La formazione è praticamente assente e quando propone dei corsi questi sono staccati da una vera analisi dei fabbisogni e da un quadro progettuale di sviluppo che il territorio condivida.
Contestualmente, la mobilità nel lavoro ha registrato la diminuzione di migliaia di posti di lavoro.
La risposta positiva nel territorio dell’area VT5 alla sollecitazione regionale per una costituzione di un comitato per l’educazione degli adulti , rivela una nuova sensibilità o una nuova emergenza che viene percepita da amministratori e cittadini; questi avvertono l’esigenza di completare un loro progetto personale , di riempire con interessi culturali il quotidiano,altri in modo più pressante hanno bisogno di convertire o ricostruire nuove competenze per il lavoro; in questo spazio di attenzione si colloca l’attività dell’università popolare.
In Italia, tra gli scopi delle Università Popolari, vi è storicamente la volontà di offrire ai cittadini di tutte le età un servizio di crescita culturale.
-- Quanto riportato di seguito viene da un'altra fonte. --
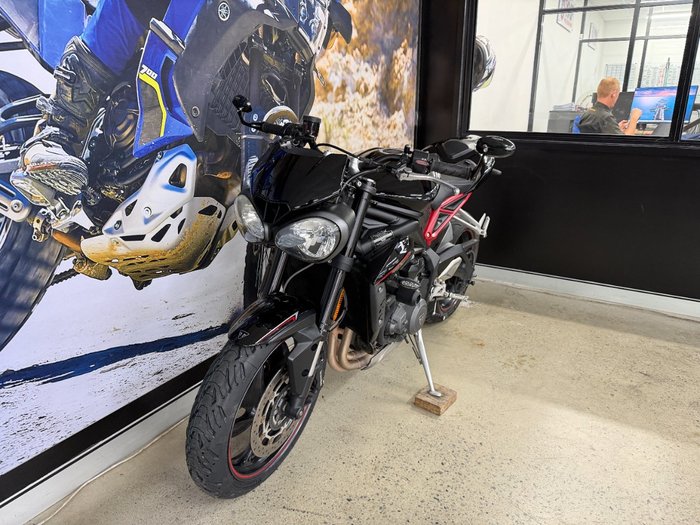 2019 Triumph STREET TRIPLE R BLACK
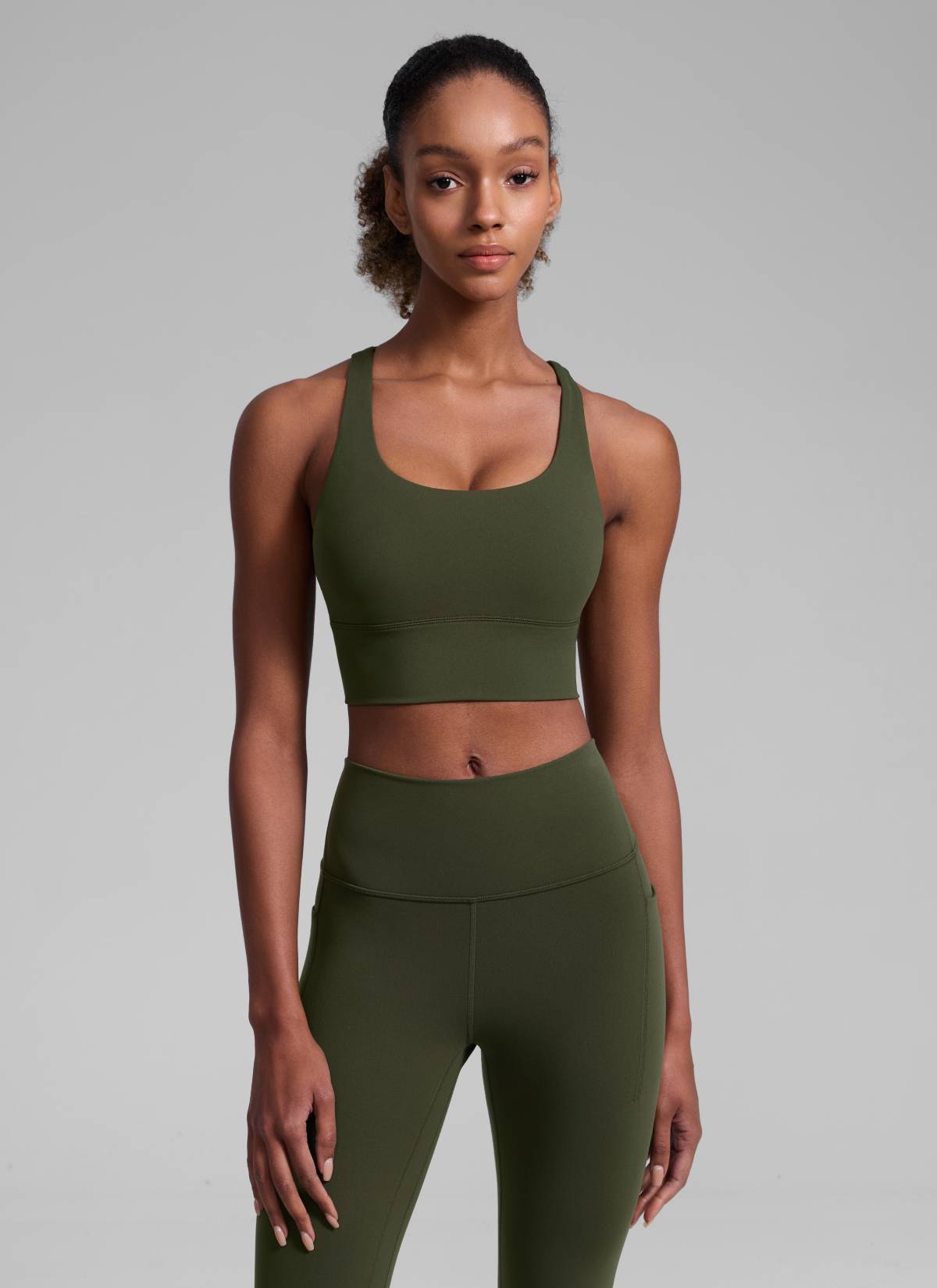 Nakedfeel חזיית קרופ תומכת Strappy Criss Cross - ירוק זית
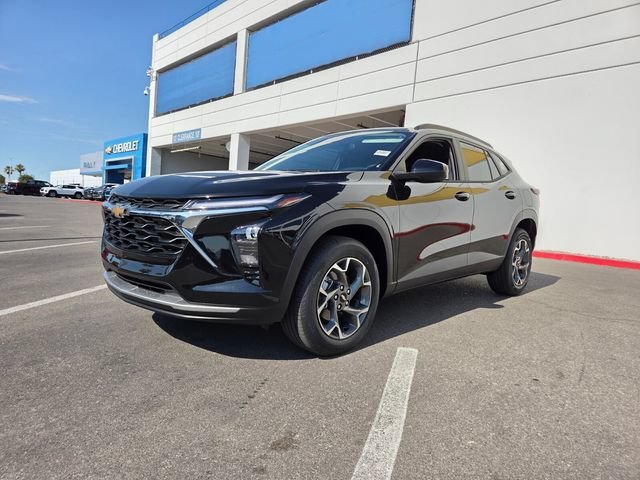 2026 Chevrolet Trax LT - Photo 2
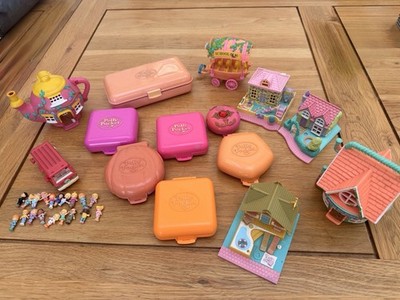 Vintage Bluebird Polly Pocket Job Lot 8 compacts, 18 Figures And Various Houses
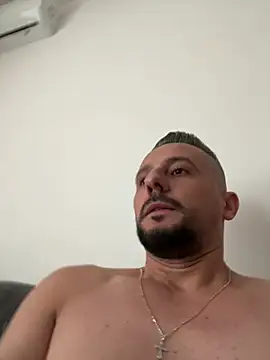 دردشة InsaneMattt الجنسية المباشرة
I corsi offerti riguardano i più diversi argomenti, rispondendo all’esigenza di un aggiornamento , come al bisogno di una preparazione specialistica per chi intende inserirsi e qualificarsi nel mondo del lavoro.
Altre volte la finalità dell’istituzione sembra avere alla base l’idea di un luogo di ritrovo delle persone, per combattere la loro solitudine.
Un tempo, grazie alla sensibilità sociale e al volontariato, a proposte del mondo religioso parrocchiale e associazionistico, era possibile raggiungere alcuni degli obiettivi descritti; oggi a quel quadro non si è sostituita una nuova ,”laica “ progettazione organica del territorio, ma si tende a pensare al pubblico come strumento di finanziamento , come centro istituzionale che permette accesso a risorse locali o europee.
Se riuscissimo a valorizzare la leva del volontariato, dell’associazionismo e ricondurre questi ad una visione organica del territorio, supereremmo impasse burocratici e daremmo un valore aggiunto all’attività.
Delle risposte al territorio
Costruire un progetto condiviso per il futuro, permette di ricondurre le risorse alle progettualità locali evitando sovrapposizioni , inutile dispiego di impegni finanziari e frammentazione, ribaltando così l’approccio di tanti progetti di formazione oggi costruiti guardando più alle disponibilità e ai caratteri dei finanziamenti ottenibili con il fondo sociale europeo piuttosto che alle effettive esigenze del territorio.
L’intero sistema economico del distretto , sta infatti vivendo come molte altre realtà locali a nord di Roma , una fase di riconversione e ristrutturazione aziendale laddove non addirittura di completa dismissione degli impianti industriali e artigianali esistenti, contestualmente popolazione e attività economiche dal cuore metropolitano romano si muovono verso i nostri territori sollecitando i comuni raggiunti dalle consolari , mutando la fisionomia della popolazione e le attività interne all’area stessa.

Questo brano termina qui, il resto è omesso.